Task statement >>
Instruction for the data below: set down exactly the lines from the line with "this 236×354 image." to the line with "this 1568×413 image.", inclusive, and no others.

Exercise input >>
__________________________________________________

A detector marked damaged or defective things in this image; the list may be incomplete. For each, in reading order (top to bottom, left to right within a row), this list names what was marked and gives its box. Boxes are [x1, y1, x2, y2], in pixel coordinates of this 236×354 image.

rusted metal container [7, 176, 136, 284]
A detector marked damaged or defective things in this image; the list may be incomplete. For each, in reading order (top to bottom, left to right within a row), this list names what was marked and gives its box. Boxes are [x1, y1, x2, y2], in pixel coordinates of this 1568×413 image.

__________________________________________________

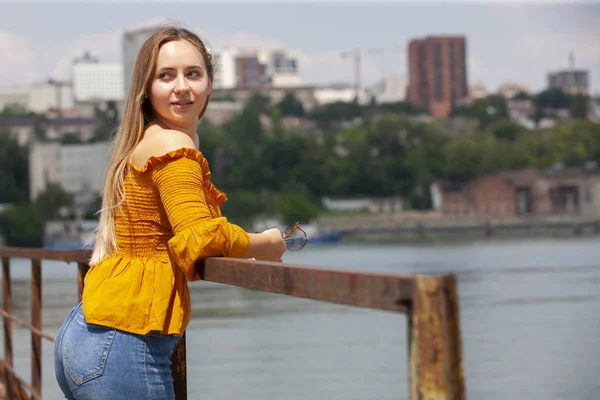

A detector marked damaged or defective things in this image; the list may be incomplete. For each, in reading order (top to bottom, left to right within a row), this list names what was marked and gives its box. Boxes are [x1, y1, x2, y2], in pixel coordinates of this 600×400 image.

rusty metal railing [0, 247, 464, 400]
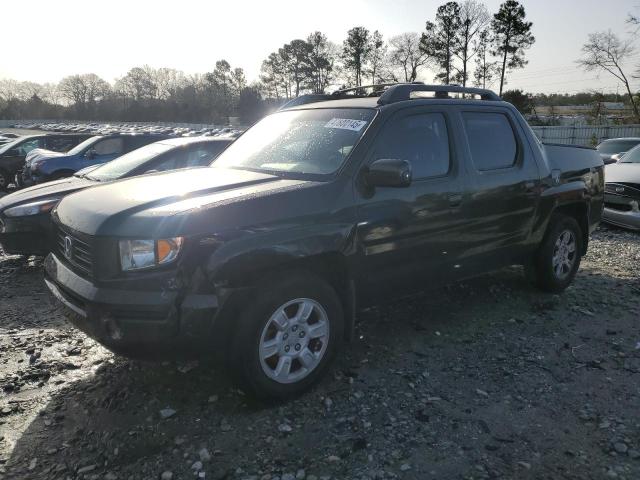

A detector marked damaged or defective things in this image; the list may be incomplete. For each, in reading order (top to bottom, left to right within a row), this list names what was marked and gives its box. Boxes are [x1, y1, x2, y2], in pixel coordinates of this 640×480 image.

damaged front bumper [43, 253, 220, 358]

__________________________________________________

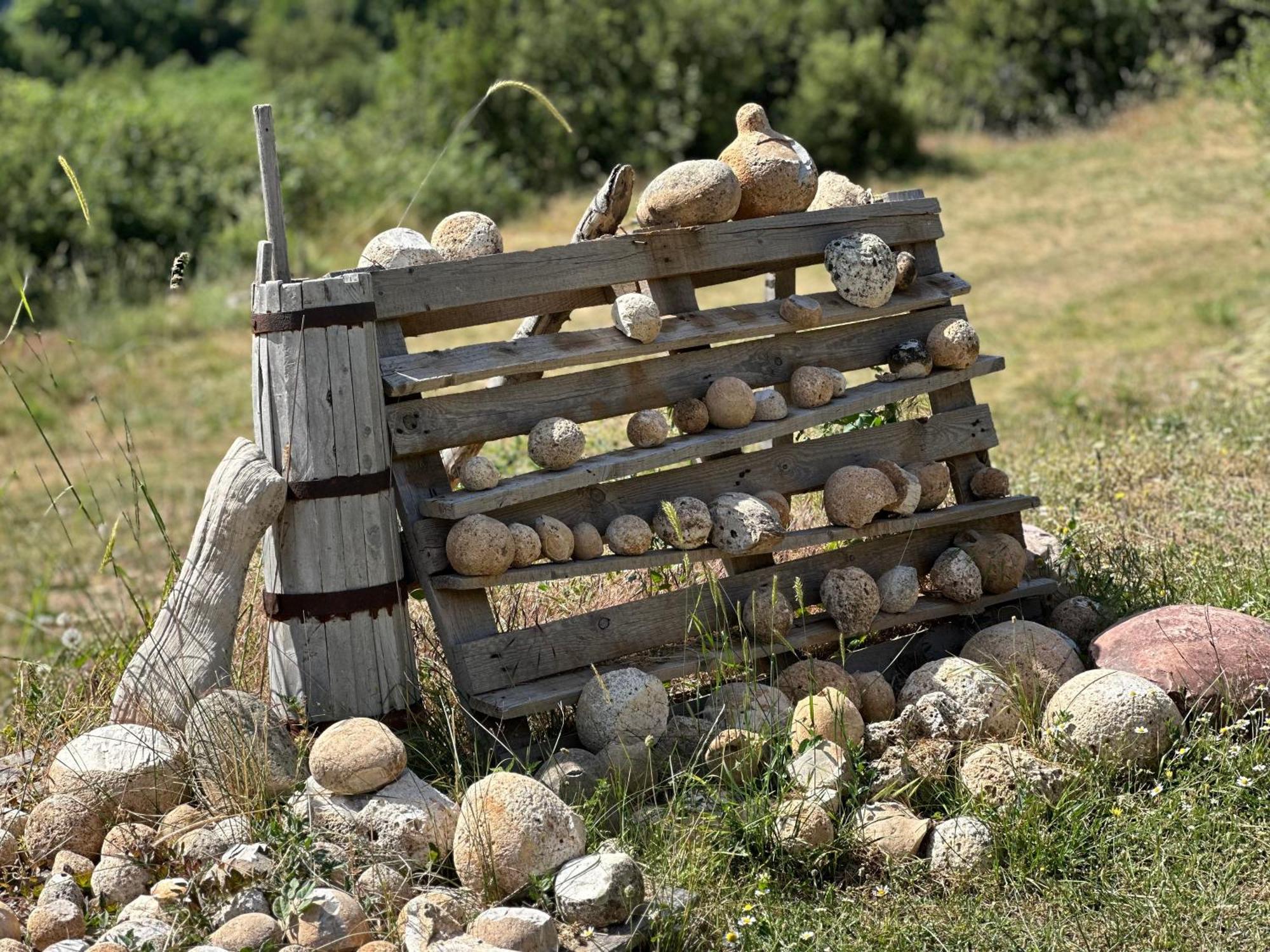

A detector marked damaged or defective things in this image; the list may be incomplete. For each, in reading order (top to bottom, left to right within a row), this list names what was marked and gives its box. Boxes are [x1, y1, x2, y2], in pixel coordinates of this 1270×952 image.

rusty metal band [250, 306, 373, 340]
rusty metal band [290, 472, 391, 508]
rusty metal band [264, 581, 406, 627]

__________________________________________________

Result for this exercise >>
A detector marked damaged or defective things in this image; the list may be incomplete. For each, in reading order (top to bottom, left to right within a row), this list names what was marked and gives its box. Boxes are [x1, y1, x2, y2], in pixel coordinates of this 236×354 image.

rusted metal container [7, 176, 136, 284]
A detector marked damaged or defective things in this image; the list may be incomplete. For each, in reading order (top to bottom, left to right within a row), this list names what was marked and gives its box. Boxes are [x1, y1, x2, y2], in pixel coordinates of this 1568×413 image.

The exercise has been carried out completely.